Jim Avialis, CEO of Prometheus Energy, looks at rig counts, rig type and diesel prices, among other areas, to help find LNG opportunities in the E&P space. The company supplies LNG in North America to the industrial sector.

“From a natural gas perspective, we say the best economics come with 100% natural gas-dedicated solutions. Dual-fuel economics right now are difficult,” Avialis said. “If field gas is available, it’s terrific. But it is not available everywhere. What we are seeing is that many of our customers want to go to natgas [natural gas] with a combination of LNG and field gas. This is the combination they need that will give them economic savings over diesel, especially as they move from location to location, pad to pad, and gas composition to gas composition.”

Avialis said the company has seen 100% natural gas fleets on not only the drilling side but also the fracking side, along with improvements in the dual-fuel case of the last couple of years.

“We’re seeing a 50% to 65% substitution rate across the board for most conversion kits. What we do anticipate going forward is that the emissions—NOx, SOx, particulates, methane—are going to become more and more important going forward,” he said.

Charles G. Ely, general manager of Dresser Rand’s distributed LNG solutions strategic business unit, addressed environmental concerns and flares at E&P sites.

“It’s wasted energy that can be potentially used for resources for fuel or other things like field gas or for CNG or LNG,” Ely said.

While there is no universal solution for flare mitigation, installing pipe is the preferred method to capture flared gas and bring it into the system for wellhead, CNG or LNG use, he said. But the method is expensive, considering installing a pipeline runs from half a million to $3 million per mile. Plus, there must be sufficient takeaway, and it’s not re-deployable.

However, capturing flare gas at the wellhead is a good option, he noted, if there is enough consumption at the wellhead.

He later pointed out that one flare led to the production of enough LNG to fuel three rigs. “It can be a short-term solution to use rigs and frack spreads as part of your consumption, but long term those flares have to be taken some place farther away where there is more demand.”

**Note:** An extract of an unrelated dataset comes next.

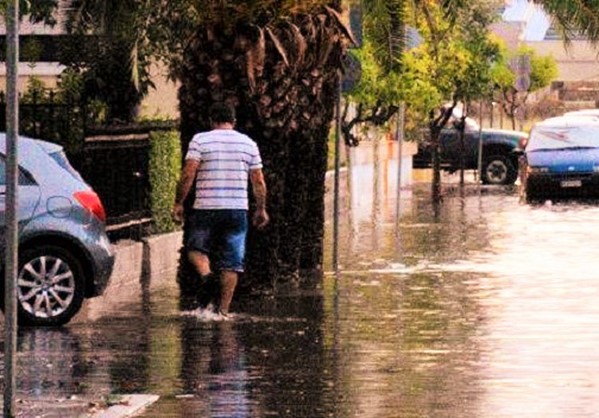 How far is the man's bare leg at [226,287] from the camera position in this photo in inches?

After the rigs have left a well site, one solution is to install a gas processing/treatment system to treat the flared gas. “Then, you have a very small, compact liquefaction facility” where LNG can be created at the wellsite and transported locally, creating the advantages of cheap gas and low transportation costs, Ely said. “It allows you to be more competitive and compete with lower diesel gas; you can liquefy [gas]; and it solves your flare problem. It’s a real winner.”